O Captain! my captain!: There's another important figure in the department, and that's the boss, Roy Montgomery. Can I just say I love him? He gets the job done. He looks out for his people and knows the right connections to play. He can glance up and know, just by the fact that his detective and her plus-one are walking in front of a person of interest, that they're in trouble. He is good at his job and competence is always my squee.
I am just sufficiently spoiled for season three to be really upset. Dammit.
As you know, Bob …: The police-work in general, in contrast … ugh. "Criminal Minds" occasionally has a tin-eared moment in which the characters explain their jobs to one another or take five full minutes to process an elementary deduction, but those moments are rare. CBS knows its audience has seen a police procedural ever, and they've mostly figured out how to convey developments to the audience without resorting to making the characters intellectually challenged Captain Obvious auditioneers. "Criminal Minds: Suspect Behavior", on the other hand, failed badly on that score … but "Castle" kind of makes CM:SB look brilliantly written in comparison. Every now and then, they lampshade it or make the characters react naturally to "well, duh" moments (such as Esposito using a TLA and then explaining it to Castle in an aside … and Castle responding that yeah, he knows); unfortunately, that just makes the surrounding clunky handling that much more obvious.
One of my greatest complaints about "FlashForward" and "V" was that I, a software programmer with a writing hobby, would (with no further training) make a better FBI agent than their leads. I don't want to say that about this show, but the scripting certainly doesn't make me think any of these people are remotely intelligent or skilled (with specific exceptions). At least I know to cover the back,wtf people, why did it take this NYPD squad until 2x19 to figure out that little trick? (Of course, in a world in which the entire elite FBI team all crowds into one tiny room for more efficient getting-blowed-up, that kind of skill development is pretty exceptional.) As I mentioned before, competence is my squee, and you're killing me here, Smalls!

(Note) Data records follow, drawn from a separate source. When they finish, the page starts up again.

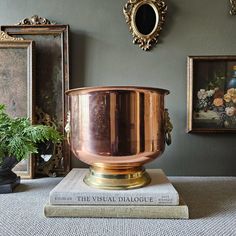 a large metal pot sitting on top of a book next to two framed pictures and a plant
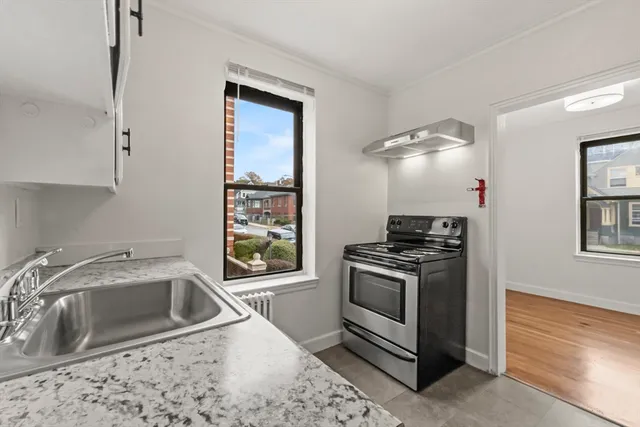 a kitchen that has a sink cabinets appliances and a window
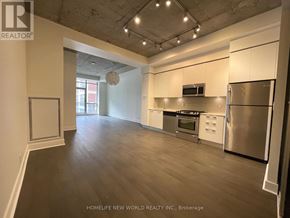 Toronto (Waterfront Communities) condo for rent - A spacious kitchen with stainless steel appliances and wooden flooring.
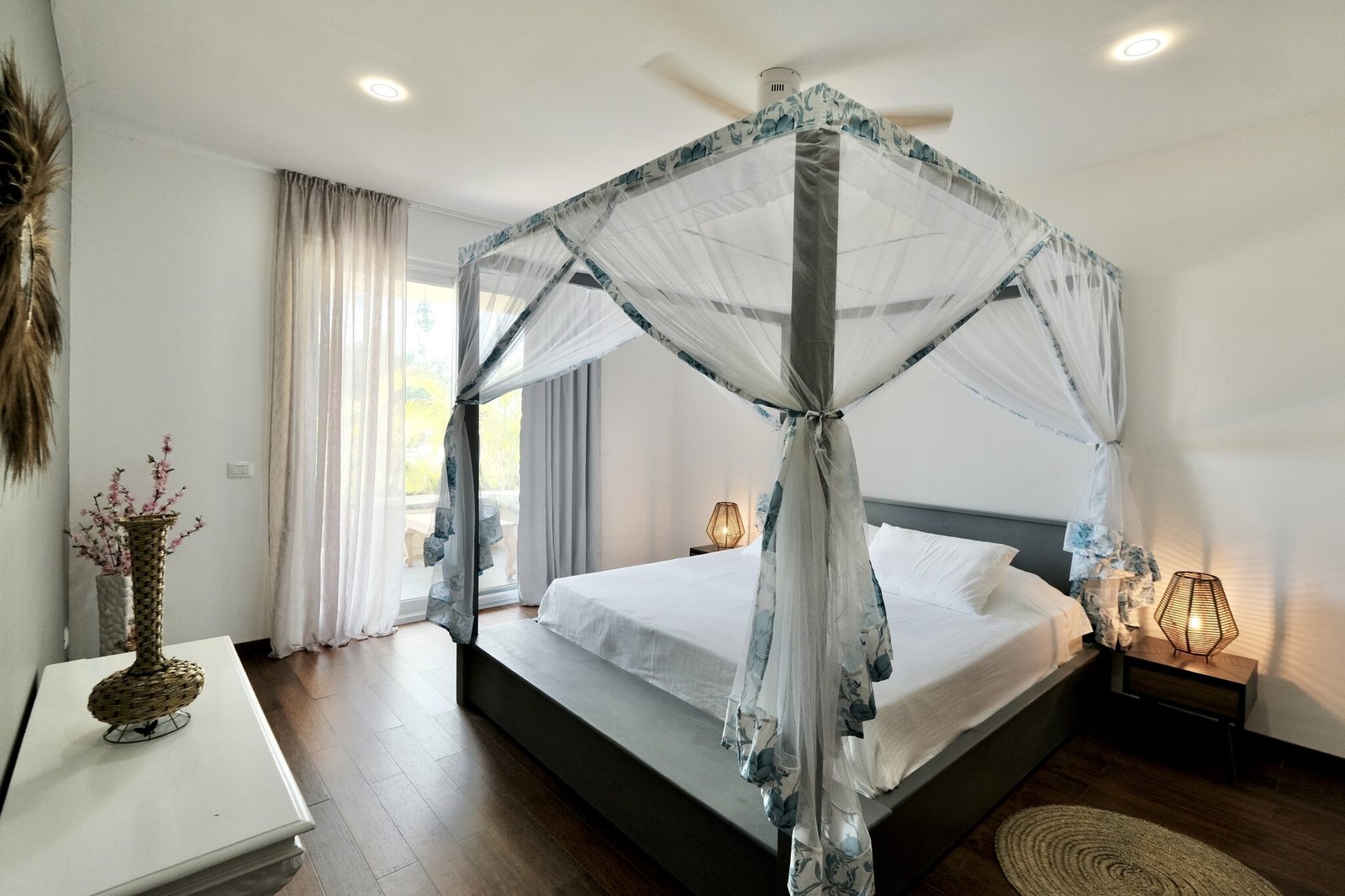 Deluxe Room interior with four-poster bed, mosquito net and garden view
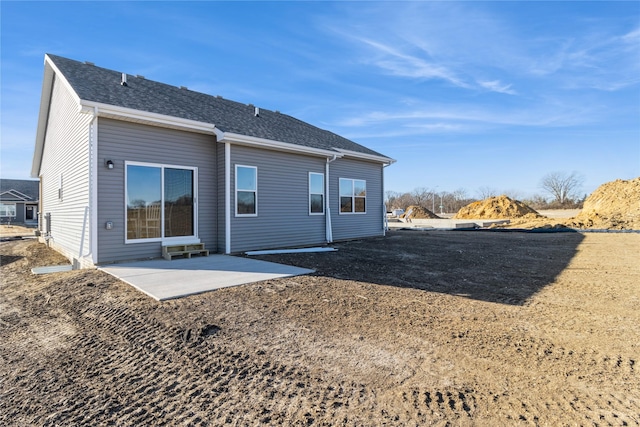 back of house with a patio area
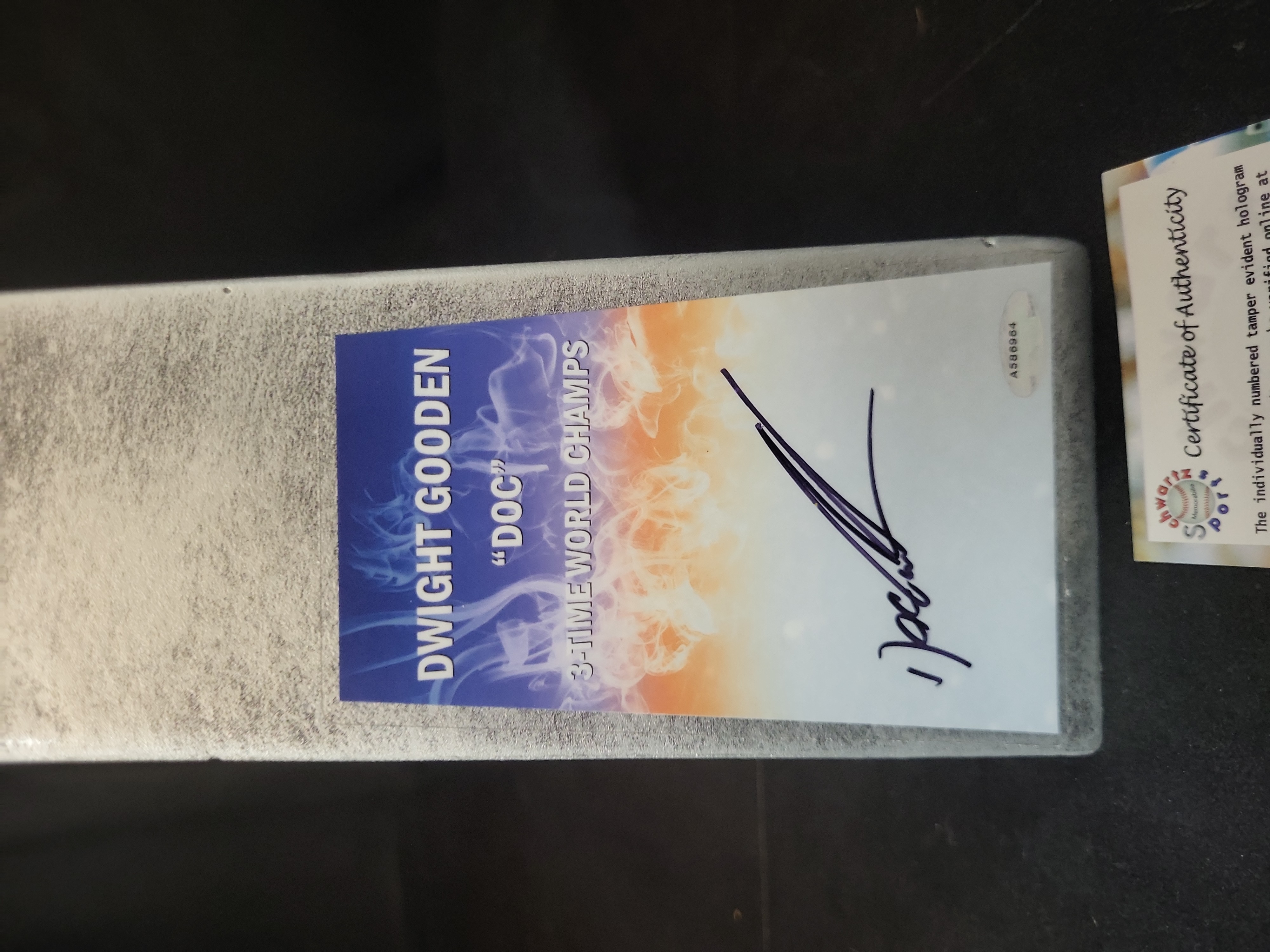I03119 | Dwight Doc Gooden Signed 14-Inch Replica Silver World Champion Baseball Trophy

(I wonder if writers could do a better job of portraying law enforcement by somehow — hear me out — spending some amount of time with actual law enforcement officers somehow … nah, that's crazy talk.)
Old soul: Speaking of only-in-fiction: Alexis. Given her character history, particularly a childlike primary caregiver/parent and an irresponsible-and-absent mother, with a formerly itinerant paternal grandmother and unknown paternal grandfather to boot, hypermaturity makes perfect sense. The way they've written Alexis, though, is something else: namely, the child who is wise beyond her years. US television adores this trope. Alexis has not just the maturity but the apparent experience and wisdom of a fifty-year-old woman, and that's a bit much. All that said, though, I do really like her character, and the actress absolutely sells it. I'd like to know Alexis in real life.
Father of the year: I'm not so sure I'd want to know Castle in real life. He's fun and funny and damned attractive, but his immaturity would be offputting. Every now and then, though, he acts as a real father to Alexis, and I adore those moments. (Which is weird, because that sort of thing usually does very little for me.) He wants to be the cool dad, but he'll still call the other parents when Alexis's friend gets drunk. It's not every episode, but he regularly shows that he can be an adult and do what's right for his daughter. He knows her life and her friends. He regularly plays games with her — whether that's laser tag, movie-style fencing, or poker. The way he consistently does the right thing by Alexis really works for me.
TL;DR: Fun show. Would watch again. Looking forward to seasons three and four.